For the copy, please give all of the data again exactly and leave the pictures out.

---------- Raw data

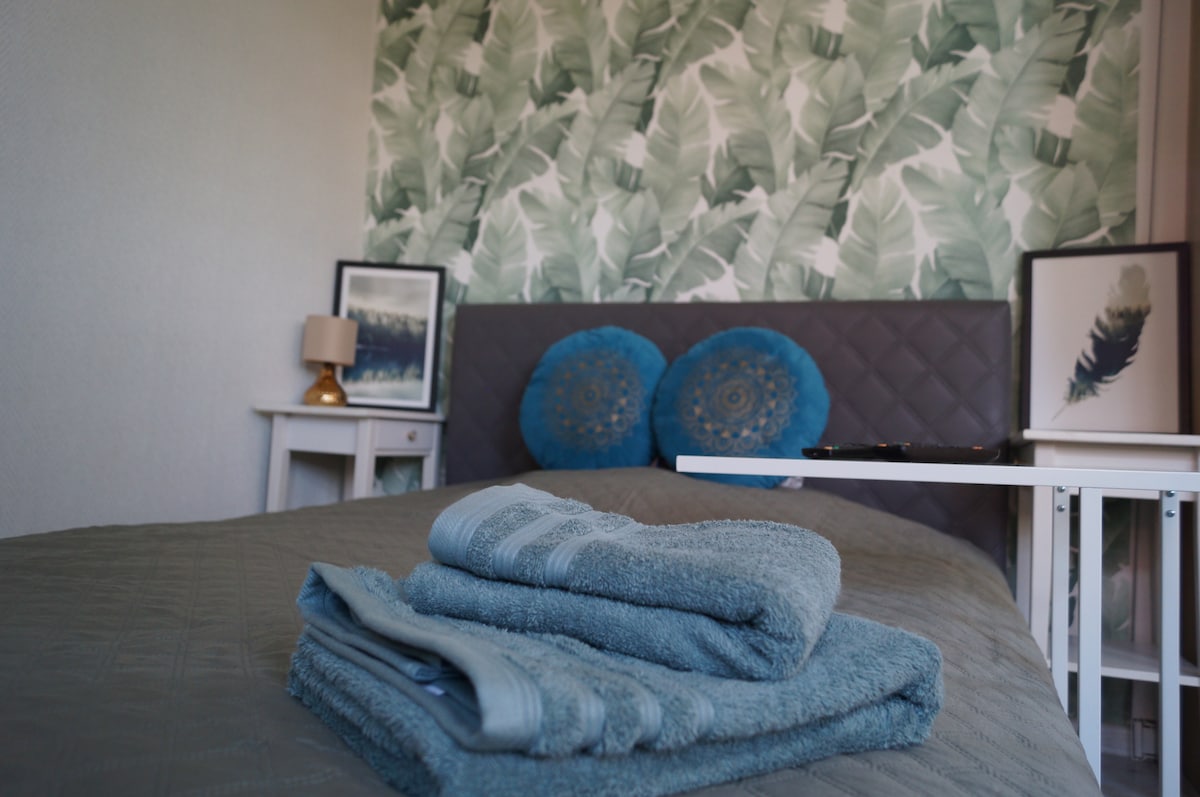 A cozy bed is adorned with plush pillows and a calming blanket. On the bedside table, a lamp provides soft light. Fresh towels are neatly arranged at the foot of the bed. Botanical wallpaper enhances the room's tranquil atmosphere.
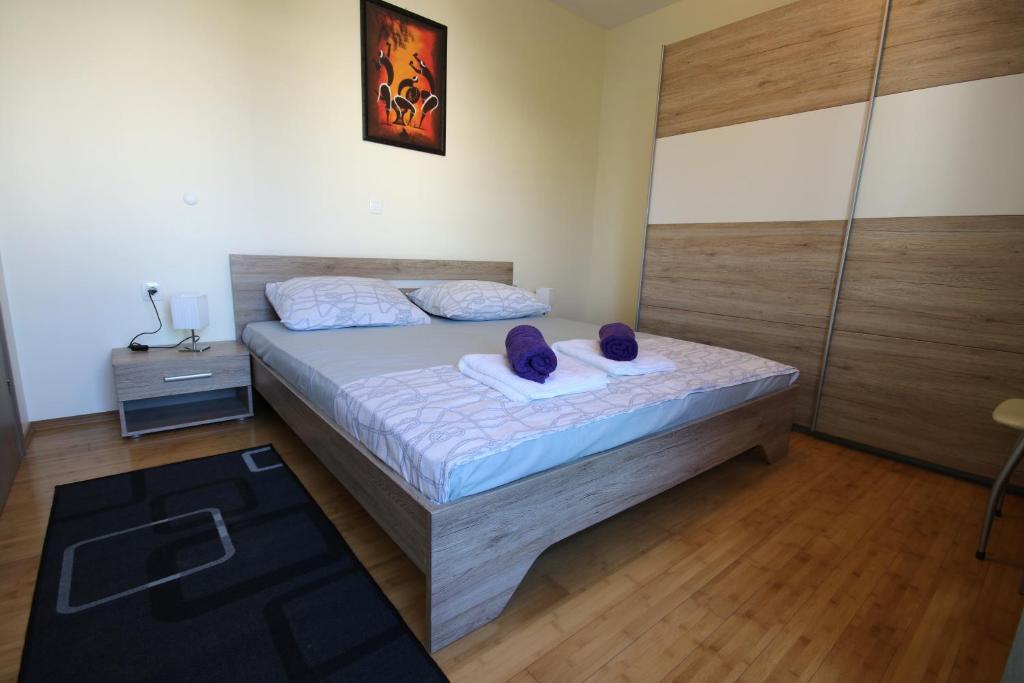 Posteľ alebo postele v izbe v ubytovaní Apartment MEL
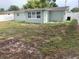 Large backyard with a white vinyl fence and a partial view of the house at 5023 Queen Palm Dr, New Port Richey, FL 34652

--------------------

• Exercise output:
 A cozy bed is adorned with plush pillows and a calming blanket. On the bedside table, a lamp provides soft light. Fresh towels are neatly arranged at the foot of the bed. Botanical wallpaper enhances the room's tranquil atmosphere.
 Posteľ alebo postele v izbe v ubytovaní Apartment MEL
 Large backyard with a white vinyl fence and a partial view of the house at 5023 Queen Palm Dr, New Port Richey, FL 34652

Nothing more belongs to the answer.